Though it was surely not his intention to do so, David Brooks’s column today has made an airtight case for why no sane person would support any Republican candidate for president next year. Brooks begins his column by conceding that climate-science deniers have a hammerlock on public discourse within the party. “On this issue the G.O.P. has come to resemble a Soviet dictatorship,” he writes, “a vast majority of Republican politicians can’t publicly say what they know about the truth of climate change because they’re afraid the thought police will knock on their door and drag them off to an AM radio interrogation.” Brooks uses this observation as a launching point to tout glimmerings of moderate (or, at any rate, less extreme) thought within the party. But let’s instead linger for a moment on the ideological commissars who prevent Republicans from acknowledging scientific reality. That sounds kind of important.

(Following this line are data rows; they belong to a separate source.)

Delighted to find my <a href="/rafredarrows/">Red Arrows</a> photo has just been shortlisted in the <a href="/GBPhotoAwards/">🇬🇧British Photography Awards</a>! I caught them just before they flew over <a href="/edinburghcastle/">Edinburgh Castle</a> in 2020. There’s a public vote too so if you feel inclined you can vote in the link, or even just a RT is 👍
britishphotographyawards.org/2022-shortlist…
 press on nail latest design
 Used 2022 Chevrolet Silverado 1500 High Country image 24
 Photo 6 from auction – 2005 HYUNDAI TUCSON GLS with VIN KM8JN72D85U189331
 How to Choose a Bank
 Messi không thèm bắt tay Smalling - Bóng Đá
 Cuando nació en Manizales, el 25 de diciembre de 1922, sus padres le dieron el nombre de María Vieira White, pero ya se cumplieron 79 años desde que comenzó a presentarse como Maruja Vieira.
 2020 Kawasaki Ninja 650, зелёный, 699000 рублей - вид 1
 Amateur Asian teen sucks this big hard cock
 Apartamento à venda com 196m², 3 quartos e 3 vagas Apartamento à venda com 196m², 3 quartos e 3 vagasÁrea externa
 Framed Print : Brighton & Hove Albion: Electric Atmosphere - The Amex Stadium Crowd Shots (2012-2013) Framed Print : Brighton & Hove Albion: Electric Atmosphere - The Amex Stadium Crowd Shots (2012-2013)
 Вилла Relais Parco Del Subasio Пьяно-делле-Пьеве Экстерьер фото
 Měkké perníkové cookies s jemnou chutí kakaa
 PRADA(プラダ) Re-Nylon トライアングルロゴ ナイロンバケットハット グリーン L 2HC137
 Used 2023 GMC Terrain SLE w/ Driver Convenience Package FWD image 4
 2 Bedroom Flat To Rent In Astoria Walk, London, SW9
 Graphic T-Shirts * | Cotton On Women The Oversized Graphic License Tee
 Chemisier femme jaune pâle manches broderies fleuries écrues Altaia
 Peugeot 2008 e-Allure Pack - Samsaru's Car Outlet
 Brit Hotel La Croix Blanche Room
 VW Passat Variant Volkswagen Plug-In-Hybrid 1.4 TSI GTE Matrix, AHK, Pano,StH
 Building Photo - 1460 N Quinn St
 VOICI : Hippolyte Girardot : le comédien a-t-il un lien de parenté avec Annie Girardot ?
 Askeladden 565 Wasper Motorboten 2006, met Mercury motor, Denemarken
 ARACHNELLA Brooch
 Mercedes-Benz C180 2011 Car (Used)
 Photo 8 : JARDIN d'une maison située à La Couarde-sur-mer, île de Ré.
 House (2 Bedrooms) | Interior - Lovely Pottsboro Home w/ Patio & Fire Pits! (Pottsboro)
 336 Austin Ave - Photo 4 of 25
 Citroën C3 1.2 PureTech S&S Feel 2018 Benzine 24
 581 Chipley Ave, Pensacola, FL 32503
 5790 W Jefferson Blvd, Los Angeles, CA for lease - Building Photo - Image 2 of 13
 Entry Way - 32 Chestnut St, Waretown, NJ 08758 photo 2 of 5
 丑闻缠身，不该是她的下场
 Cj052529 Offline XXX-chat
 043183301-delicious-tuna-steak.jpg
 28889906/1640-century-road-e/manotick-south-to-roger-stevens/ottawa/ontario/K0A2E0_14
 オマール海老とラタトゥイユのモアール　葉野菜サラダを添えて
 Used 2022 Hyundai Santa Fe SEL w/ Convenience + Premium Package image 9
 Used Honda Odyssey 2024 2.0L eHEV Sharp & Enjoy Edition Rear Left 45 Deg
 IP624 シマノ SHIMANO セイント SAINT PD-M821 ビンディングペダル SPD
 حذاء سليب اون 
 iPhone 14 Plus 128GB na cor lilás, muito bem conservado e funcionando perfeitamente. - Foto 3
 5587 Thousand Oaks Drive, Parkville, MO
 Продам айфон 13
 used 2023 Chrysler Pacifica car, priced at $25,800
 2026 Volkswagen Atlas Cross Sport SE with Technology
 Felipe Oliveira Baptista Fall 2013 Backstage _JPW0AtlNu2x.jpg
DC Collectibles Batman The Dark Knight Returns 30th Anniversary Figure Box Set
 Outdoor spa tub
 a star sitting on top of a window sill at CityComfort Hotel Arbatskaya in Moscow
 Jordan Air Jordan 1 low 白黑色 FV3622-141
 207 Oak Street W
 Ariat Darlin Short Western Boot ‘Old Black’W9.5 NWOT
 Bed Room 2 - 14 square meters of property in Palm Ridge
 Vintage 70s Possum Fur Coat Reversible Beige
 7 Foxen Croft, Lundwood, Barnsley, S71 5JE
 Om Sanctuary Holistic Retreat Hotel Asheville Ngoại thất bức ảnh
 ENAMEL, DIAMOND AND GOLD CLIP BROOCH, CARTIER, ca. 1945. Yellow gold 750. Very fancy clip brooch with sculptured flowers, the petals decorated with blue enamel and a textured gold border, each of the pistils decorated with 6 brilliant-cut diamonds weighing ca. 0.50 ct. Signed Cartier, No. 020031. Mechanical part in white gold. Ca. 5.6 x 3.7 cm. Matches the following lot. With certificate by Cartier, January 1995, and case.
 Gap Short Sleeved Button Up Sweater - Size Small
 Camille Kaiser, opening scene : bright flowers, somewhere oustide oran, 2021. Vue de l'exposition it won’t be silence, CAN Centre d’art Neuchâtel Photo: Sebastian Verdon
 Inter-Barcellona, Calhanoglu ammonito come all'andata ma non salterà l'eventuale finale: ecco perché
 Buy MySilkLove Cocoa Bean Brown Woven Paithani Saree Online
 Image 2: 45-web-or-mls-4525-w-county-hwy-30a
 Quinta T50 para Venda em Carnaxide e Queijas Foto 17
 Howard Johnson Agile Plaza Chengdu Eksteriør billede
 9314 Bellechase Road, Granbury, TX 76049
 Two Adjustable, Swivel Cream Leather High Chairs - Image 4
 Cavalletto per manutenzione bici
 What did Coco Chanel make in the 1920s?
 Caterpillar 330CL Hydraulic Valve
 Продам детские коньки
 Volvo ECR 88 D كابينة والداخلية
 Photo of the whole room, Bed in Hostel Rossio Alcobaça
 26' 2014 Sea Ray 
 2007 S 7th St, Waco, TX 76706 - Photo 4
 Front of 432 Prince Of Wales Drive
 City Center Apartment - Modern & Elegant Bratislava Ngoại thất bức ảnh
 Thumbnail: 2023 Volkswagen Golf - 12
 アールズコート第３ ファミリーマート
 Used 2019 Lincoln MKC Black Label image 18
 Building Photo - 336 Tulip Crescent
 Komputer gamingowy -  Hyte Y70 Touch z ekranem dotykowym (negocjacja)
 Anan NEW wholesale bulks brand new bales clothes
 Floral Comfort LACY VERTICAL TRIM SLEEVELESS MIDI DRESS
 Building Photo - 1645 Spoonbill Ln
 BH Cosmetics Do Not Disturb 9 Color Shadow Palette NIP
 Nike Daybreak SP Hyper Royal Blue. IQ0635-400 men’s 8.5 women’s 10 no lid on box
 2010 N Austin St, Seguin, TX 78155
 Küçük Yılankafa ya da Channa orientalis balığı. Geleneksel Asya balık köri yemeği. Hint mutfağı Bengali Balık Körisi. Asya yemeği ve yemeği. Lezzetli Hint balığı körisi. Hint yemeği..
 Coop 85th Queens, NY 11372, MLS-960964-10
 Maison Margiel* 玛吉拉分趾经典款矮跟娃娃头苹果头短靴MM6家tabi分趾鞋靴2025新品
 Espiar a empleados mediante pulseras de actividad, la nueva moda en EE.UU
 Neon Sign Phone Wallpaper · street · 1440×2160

In fact, as terrifying as the reality depicted by Brooks may sound, matters are actually worse. Brooks presents the situation as a “vast majority” of GOP politicians that understand climate science cowed into submission by an angry minority. Perhaps the vast majority of Republican politicians who confide their private beliefs to Brooks feel this way, but this is probably not a representative cross section. It is clear that a large proportion of party elites proclaim themselves to be climate-science skeptics for reasons purely of their own volition. Nor is this sentiment confined to talk-radio shouters. Esteemed chin-strokers and collectors of awards, like George F. Will and Charles Krauthammer, broadcast their disdain for the findings of the climate-science field.
The rise of Trump, and his increasingly cartoonish lies, has framed the Republican Party as split between the Establishment and the kooks. But on the climate issue, at least, the kooks are the Establishment. The “sophisticated” arguments about climate change that appear in prestigious conservative organs contain childish ignorance. Here is a typical example at hand in Wall Street Journal columnist Bret Stephens’s offering today, which dismisses climate change as an imaginary problem. “The hysteria generated by an imperceptible temperature rise of 1.7 degrees Fahrenheit since 1880—as if the trend is bound to continue forever, or is not a product of natural variation, or cannot be mitigated except by drastic policy interventions. The hyping of flimsy studies—melting Himalayan glaciers; vanishing polar ice—to press the political point.”
Here, via the National Oceanic and Atmospheric Administration, is a depiction of that wee 1.7-degree increase. This is Stephens’s idea of “natural variation” that is going to stop on its own:
Even though scientists discovered more than a century ago that carbon dioxide traps heat, and even though rising concentrations of CO2 have corresponded to steadily rising temperatures, Stephens believes — in the face of the firm scientific consensus — that continuing to increase greenhouse-gas levels in the atmosphere will not cause temperatures to rise. Climate scientists believe that current policies, if not altered, will yield a projected temperature increase of 8.1 degrees Fahrenheit by the end of the century. Stephens, confident the trend will stop on its own, concludes his column predicting that, in 2115, “temperatures will be about the same.”
Of course, refuting climate-science skepticism with NOAA data runs into the problem that Republicans reject NOAA data. House Science Committee chairman Lamar Smith has used his power to accuse federal scientists of falsifying climate data. Smith has no evidence to support his charge, but the accusation is in keeping with the conservative belief that the theory of anthropogenic global warming is the product of a vast conspiracy among thousands of scientists worldwide to enrich themselves. (The chairman of the Senate’s environment committee is a fellow subscriber to this theory.) The theory is just as bonkers as the belief that the government faked the 9/11 attacks or the moon landings, with the main difference being that it informs a first-order public policy question and is also accepted doctrine within one of the two major American political parties.
Parties operate by coalescing around mutually agreeable policies. The presidential nominee may downplay the most outlandish anti-scientific conspiracy theories, but the party’s agenda will have to accommodate the beliefs expounded by the likes of Smith, Inhofe, Will, Krauthammer, Stephens, and many others. By November of next year, Brooks will no doubt have persuaded himself that the GOP’s embrace of pseudoscientific lunacy provides less of a disqualification than whatever combination of character flaws he has identified in Hillary Clinton. But if you’re voting Republican next year, you’re either getting somebody who is a member of the climate thought police or is afraid to disagree with them.